--- Exercise input ---

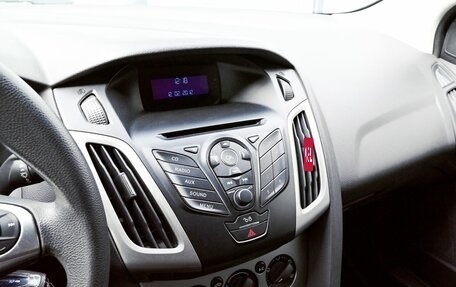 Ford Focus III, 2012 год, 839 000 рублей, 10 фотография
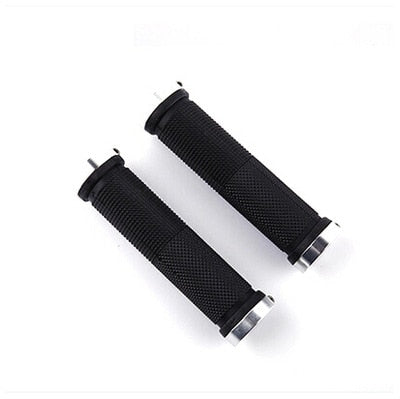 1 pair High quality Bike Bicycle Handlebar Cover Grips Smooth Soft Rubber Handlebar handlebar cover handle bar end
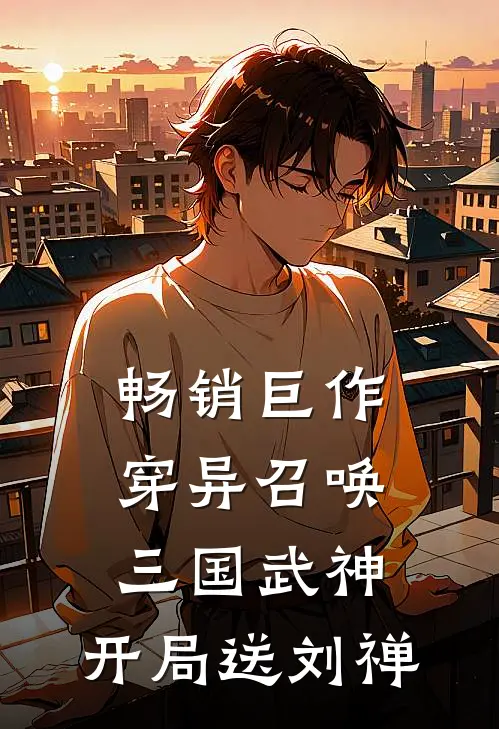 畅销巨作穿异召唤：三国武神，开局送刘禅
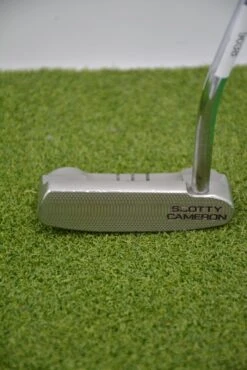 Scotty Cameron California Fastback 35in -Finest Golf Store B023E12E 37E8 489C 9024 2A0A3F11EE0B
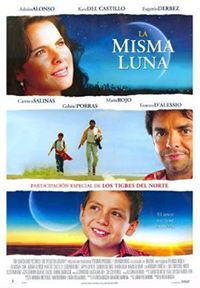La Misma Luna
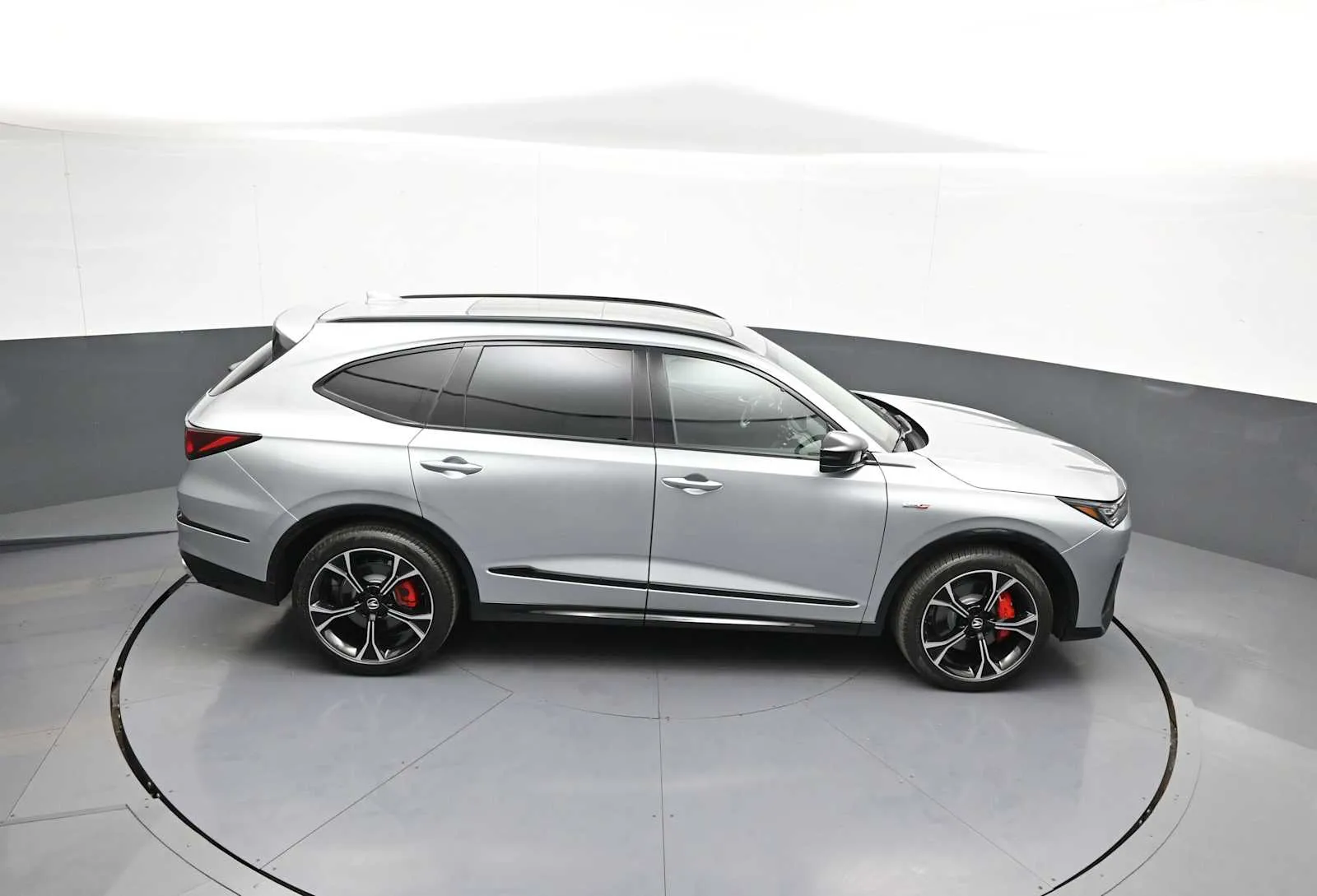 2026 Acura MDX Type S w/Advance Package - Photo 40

---

→ Activity: A picture-free version of all the records, repeated exactly, is what to return.

→ Answer box:
 Ford Focus III, 2012 год, 839 000 рублей, 10 фотография
 1 pair High quality Bike Bicycle Handlebar Cover Grips Smooth Soft Rubber Handlebar handlebar cover handle bar end
 畅销巨作穿异召唤：三国武神，开局送刘禅
 Scotty Cameron California Fastback 35in -Finest Golf Store B023E12E 37E8 489C 9024 2A0A3F11EE0B
La Misma Luna
 2026 Acura MDX Type S w/Advance Package - Photo 40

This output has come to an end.